(Provided data Opens)

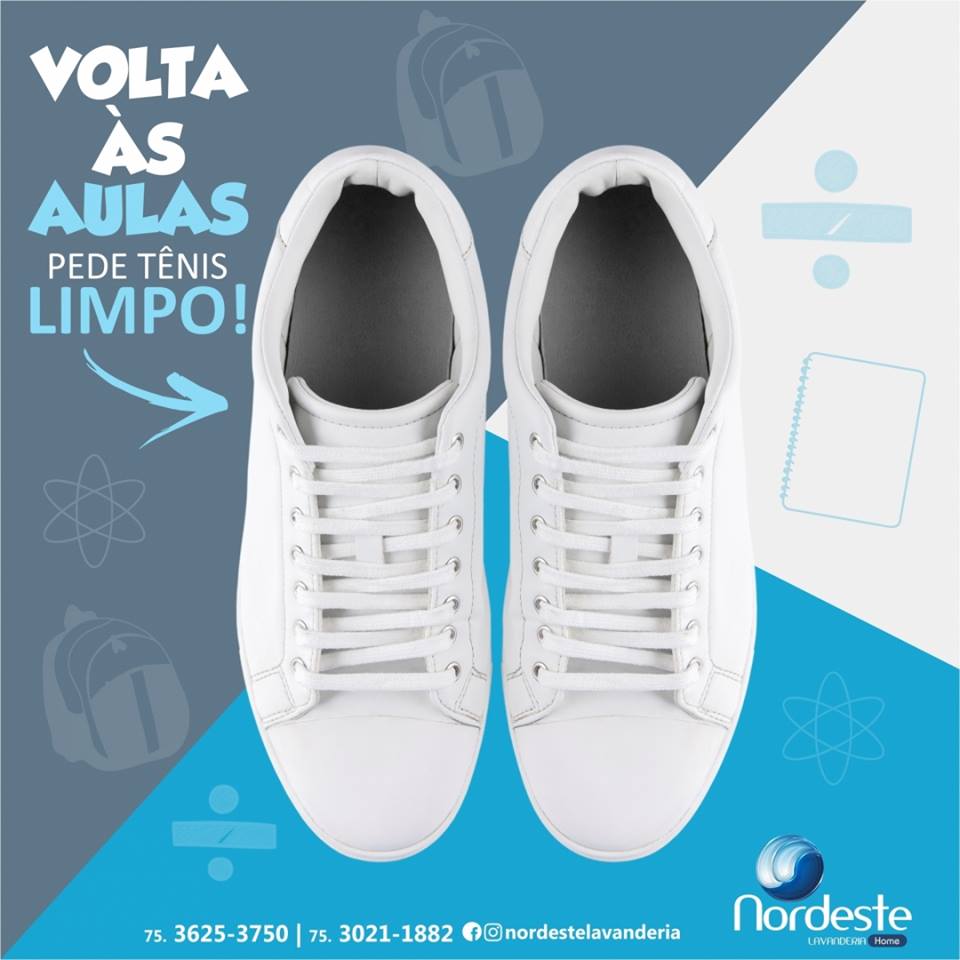 Traz seu tênis para ser lavado na Nordeste Lavanderia!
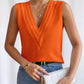 Women V Neck Tank Tops Dressy Casual Summer Loose Fit Sleeveless Shirts Blouse Comfy Womenswear Soft Basic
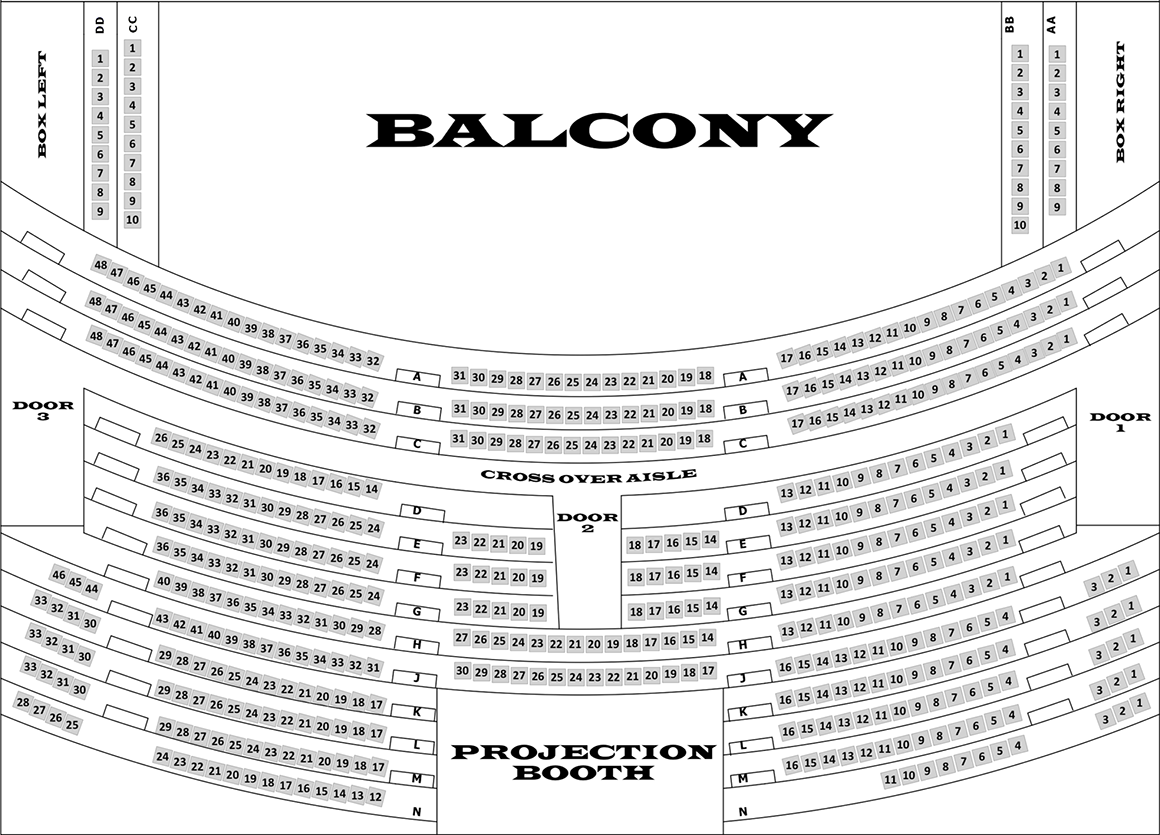 Mother Lode Theatre Balcony Seating Chart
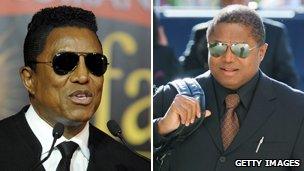 Jermaine and Randy Jackson. Pics: AFP/Getty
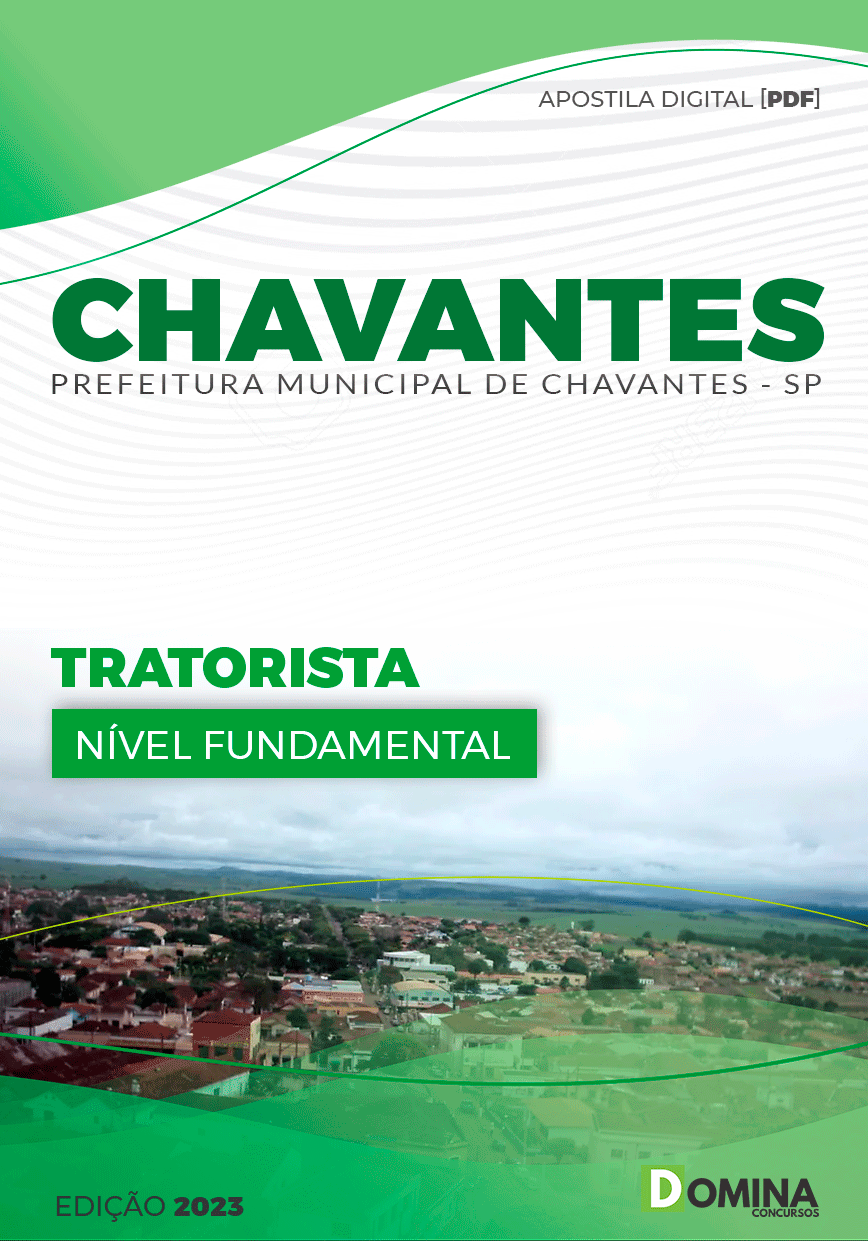 Apostila Pref Chavantes SP 2023 Tratorista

(Provided data Closes)

Output all data exactly, omitting images.

 Traz seu tênis para ser lavado na Nordeste Lavanderia!
 Women V Neck Tank Tops Dressy Casual Summer Loose Fit Sleeveless Shirts Blouse Comfy Womenswear Soft Basic
 Mother Lode Theatre Balcony Seating Chart
 Jermaine and Randy Jackson. Pics: AFP/Getty
 Apostila Pref Chavantes SP 2023 Tratorista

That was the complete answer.